**Assignment**
Look in the data below for the line that has "40G QSFP+ LH4 20км/30 км LC DDM", then print exactly every line from there through the line that has "IFBB Pro Bodybuilding", leaving pictures out.

**Material shown**
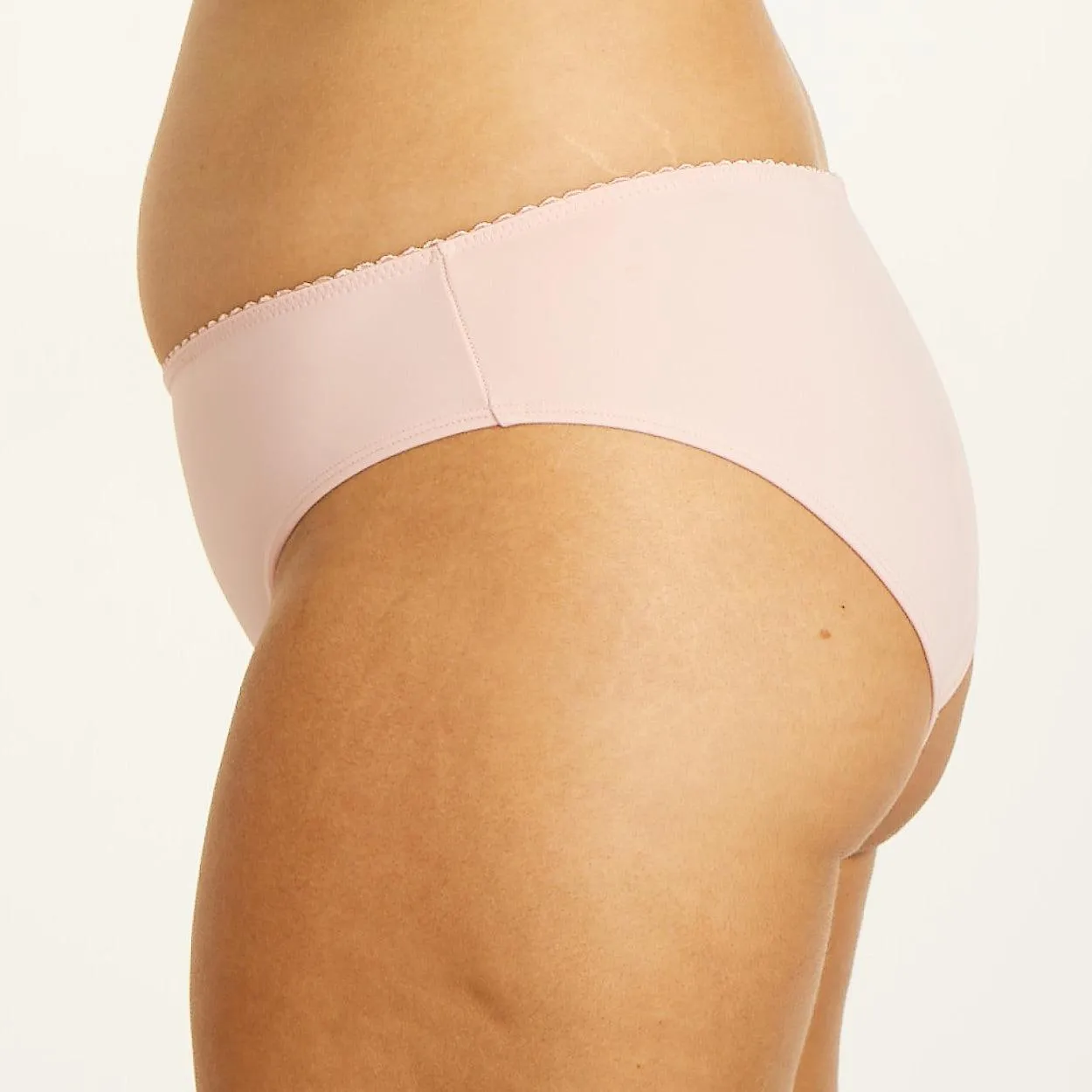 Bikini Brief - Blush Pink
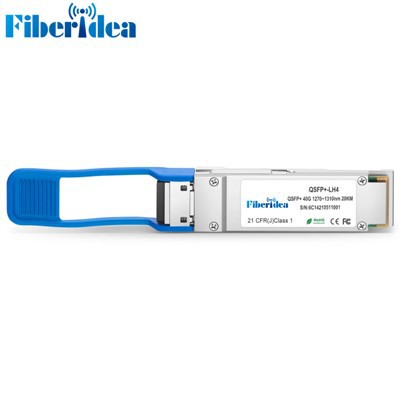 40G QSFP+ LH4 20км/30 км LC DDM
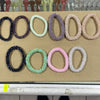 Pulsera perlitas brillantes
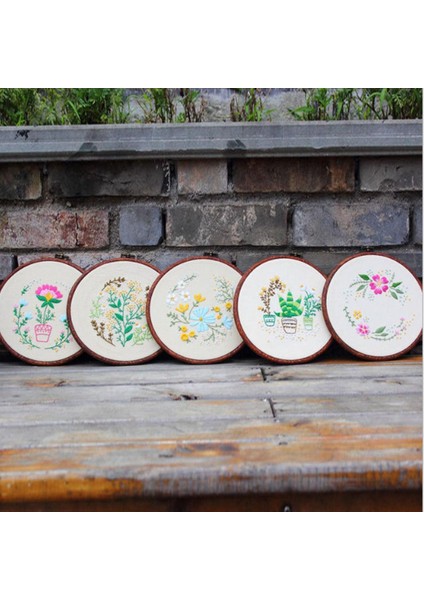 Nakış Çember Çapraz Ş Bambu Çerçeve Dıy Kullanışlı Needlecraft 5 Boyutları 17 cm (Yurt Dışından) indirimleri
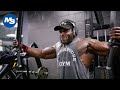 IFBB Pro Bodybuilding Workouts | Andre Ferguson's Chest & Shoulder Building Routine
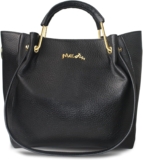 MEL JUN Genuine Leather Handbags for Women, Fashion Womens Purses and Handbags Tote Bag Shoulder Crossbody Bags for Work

==

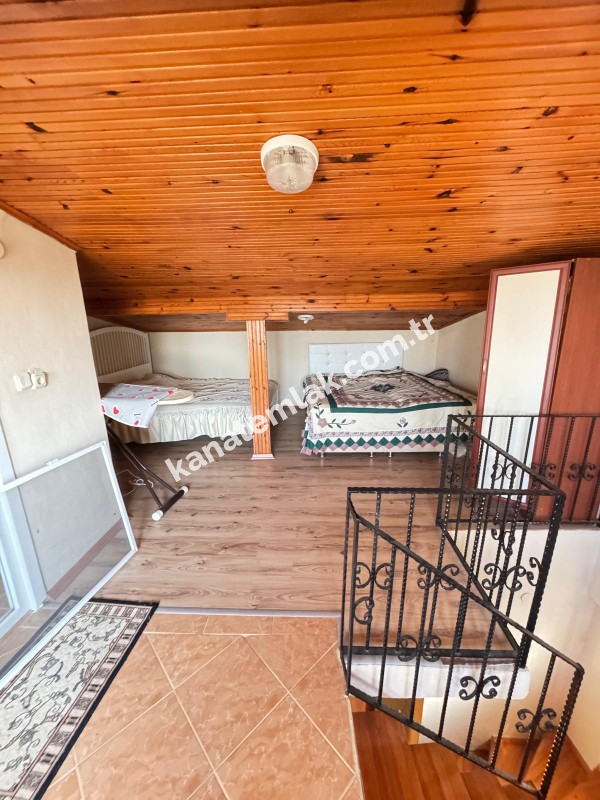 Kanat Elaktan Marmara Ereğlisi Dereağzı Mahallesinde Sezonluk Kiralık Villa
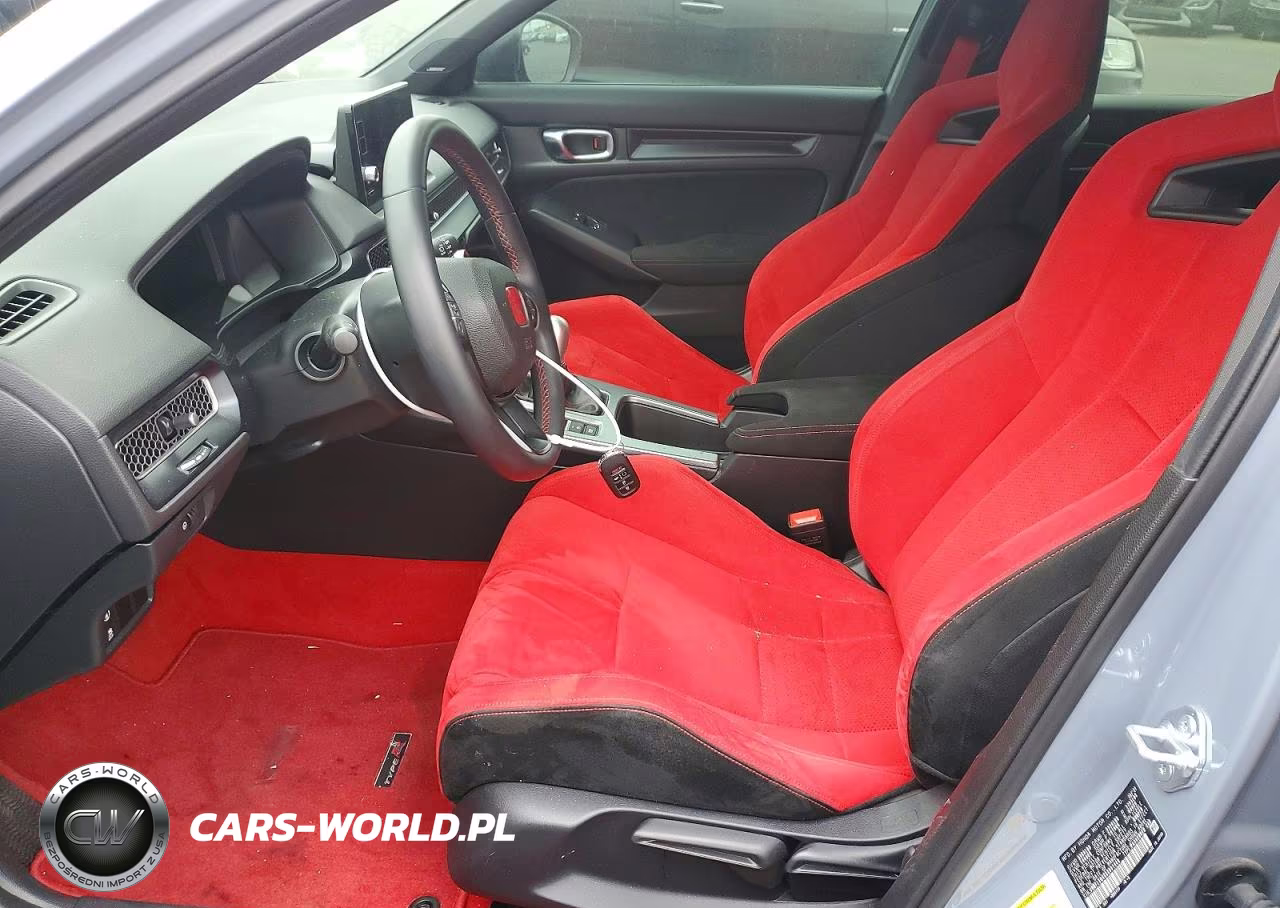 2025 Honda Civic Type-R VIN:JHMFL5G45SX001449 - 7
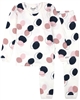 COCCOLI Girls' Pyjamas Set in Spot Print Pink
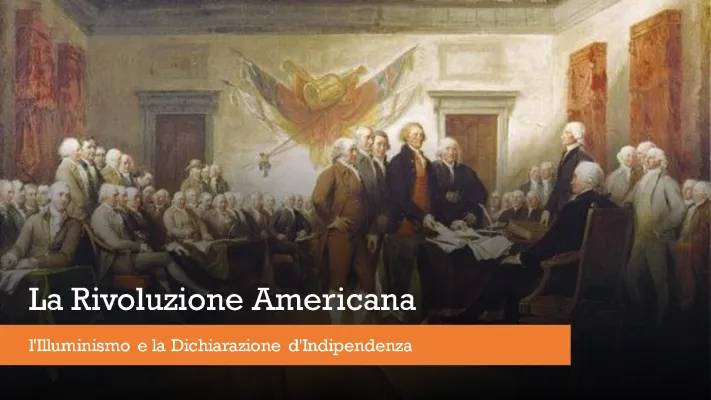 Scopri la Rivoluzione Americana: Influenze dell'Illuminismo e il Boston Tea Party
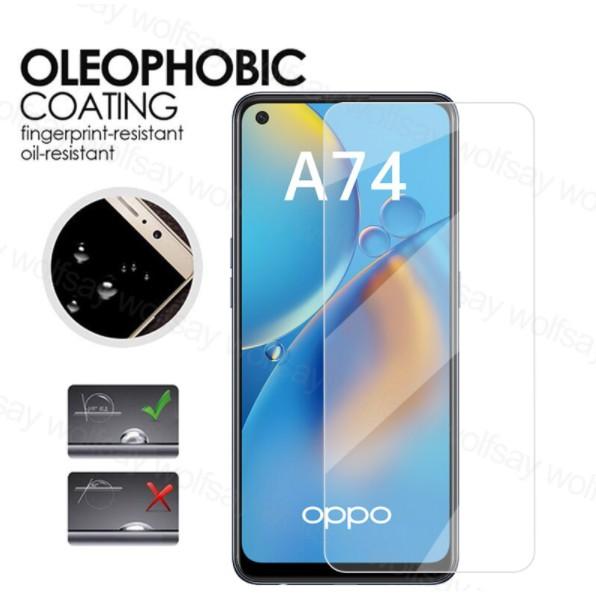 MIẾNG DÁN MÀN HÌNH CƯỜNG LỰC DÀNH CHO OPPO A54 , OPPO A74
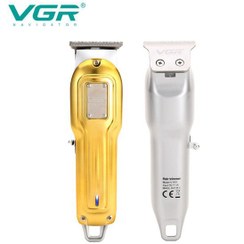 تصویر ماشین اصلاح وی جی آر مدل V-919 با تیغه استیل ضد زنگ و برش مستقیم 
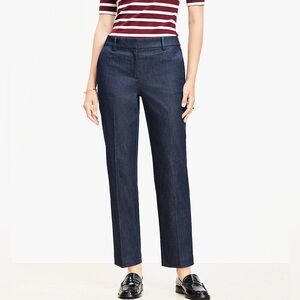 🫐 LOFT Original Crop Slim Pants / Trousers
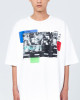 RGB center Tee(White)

**Solution for this problem**
 40G QSFP+ LH4 20км/30 км LC DDM
 Pulsera perlitas brillantes
 Nakış Çember Çapraz Ş Bambu Çerçeve Dıy Kullanışlı Needlecraft 5 Boyutları 17 cm (Yurt Dışından) indirimleri
 IFBB Pro Bodybuilding Workouts | Andre Ferguson's Chest & Shoulder Building Routine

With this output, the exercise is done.